Company Converting Camps Into College Campuses For COVID-Cleared Students Taking Online Classes
MIAMI (CBSMiami) – Many colleges campuses are shut down or only allowing a limited number of students during the pandemic. That has millions of students taking classes on the web, and many are finding a new way to learn remotely.
A company called A Place Beyond converted a camp in Arizona's Prescott National Forest into a college campus.
Tatiana Wells is a sophomore at Pitzer College in California, and her childhood friend Correia Borba is a sophomore at Columbia University in New York.
When the coronavirus pushed their classes online, they decided to go to the camp in Prescott National Forest for the fall semester.
"There's going to be weekend back packing trips, there's going to be white water rafting, you can go dirt biking, you can take cooking classes, gardening classes," Wells said.
There are three dozen students at the camp from more than 20 colleges nationwide.

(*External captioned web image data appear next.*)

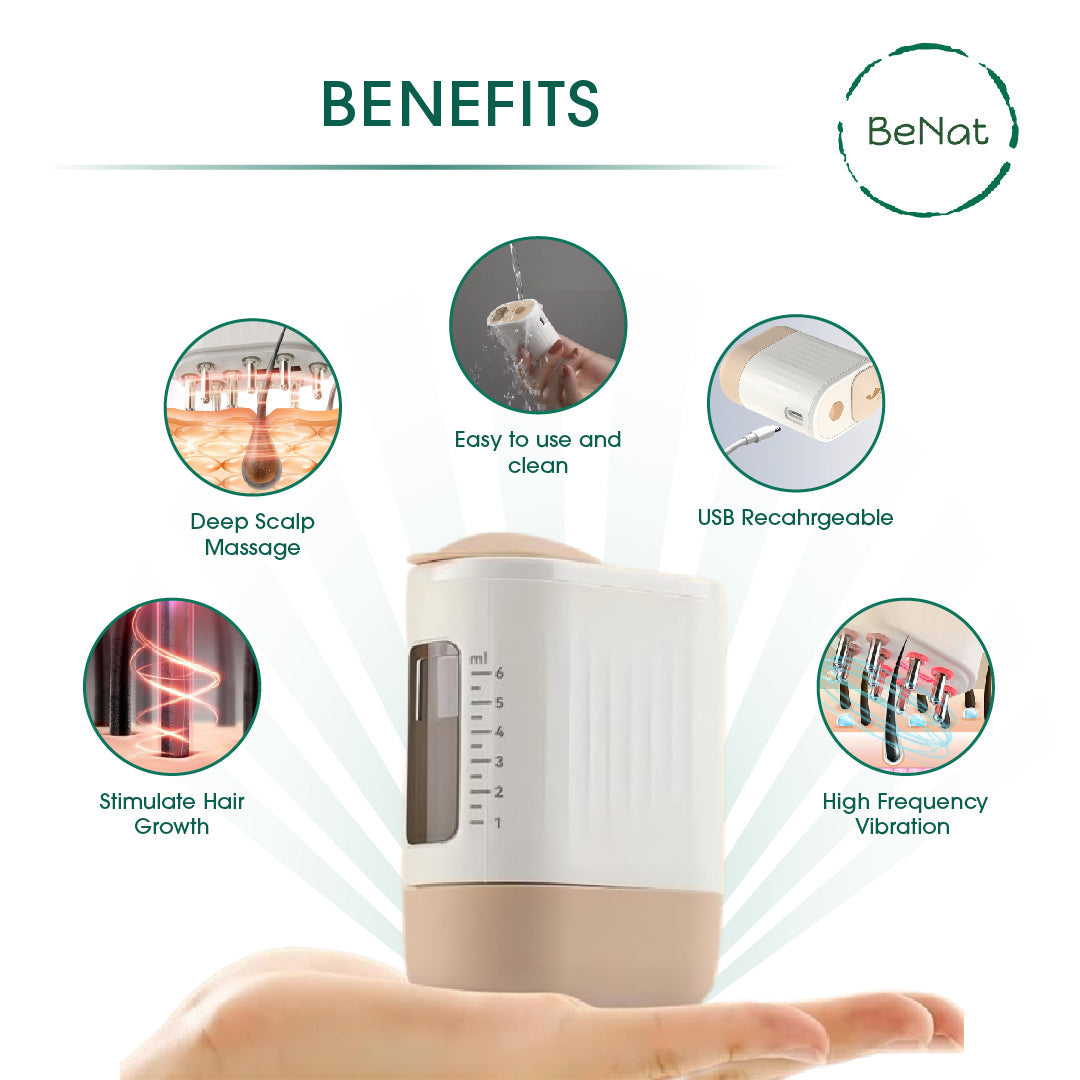 ScalpFlow™ 2-in-1 Oil Applicator & Massager ⭐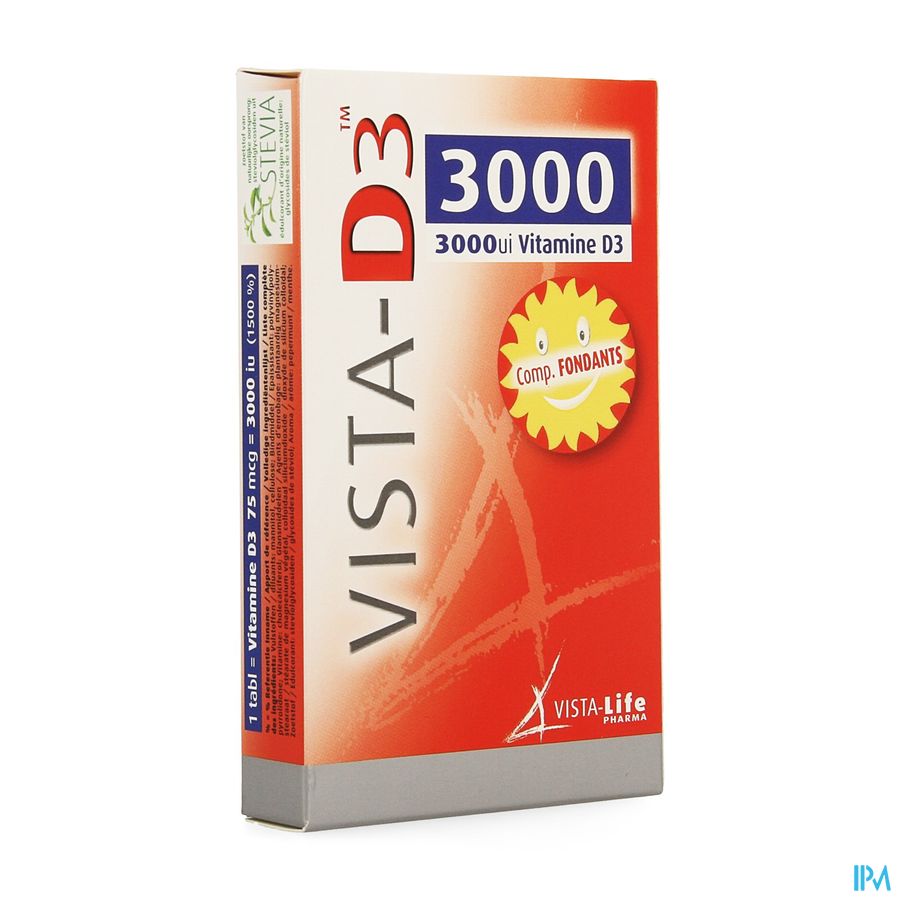Vista D3 3000 Comp Fondant 60 Vista D3 3000 Comp Fondant 60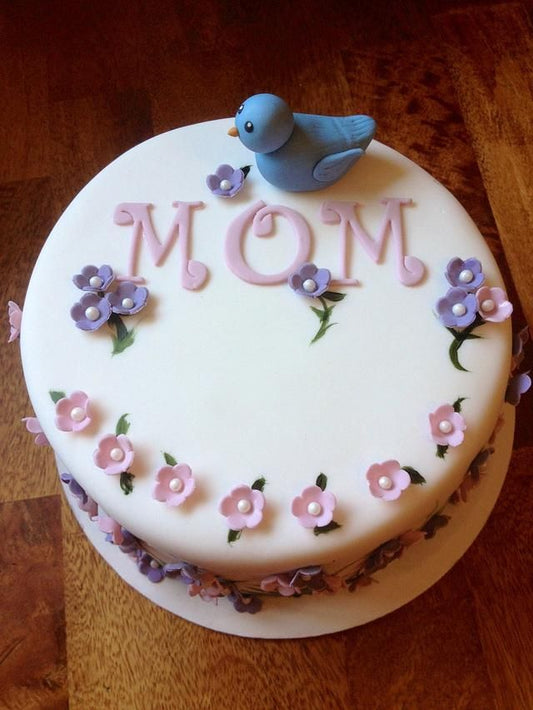 Cake for mother design ( 34 )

All were tested for COVID and have now formed a self-contained environment.
"Even though you are kinda of contained or in a bubble, you don't feel restricted," Borba said.
Students across the country are looking for alternatives to logging-on at home.
Hanah Jun and her classmates from Yale found a house in Barbados near the beach.
"I thought, you know, why not take this time to go live with a group of friends somewhere, you know, have a different kind of college experience while I can," Jun said.
Ciaran Willis, the co-founder of A Place Beyond, is already looking to expand.
"We're hoping next spring to do a couple of sites, we're talking to some folks in Colorado," Willis said.
Willis believes this model of learning and living could become a popular option for college students even after the pandemic ends.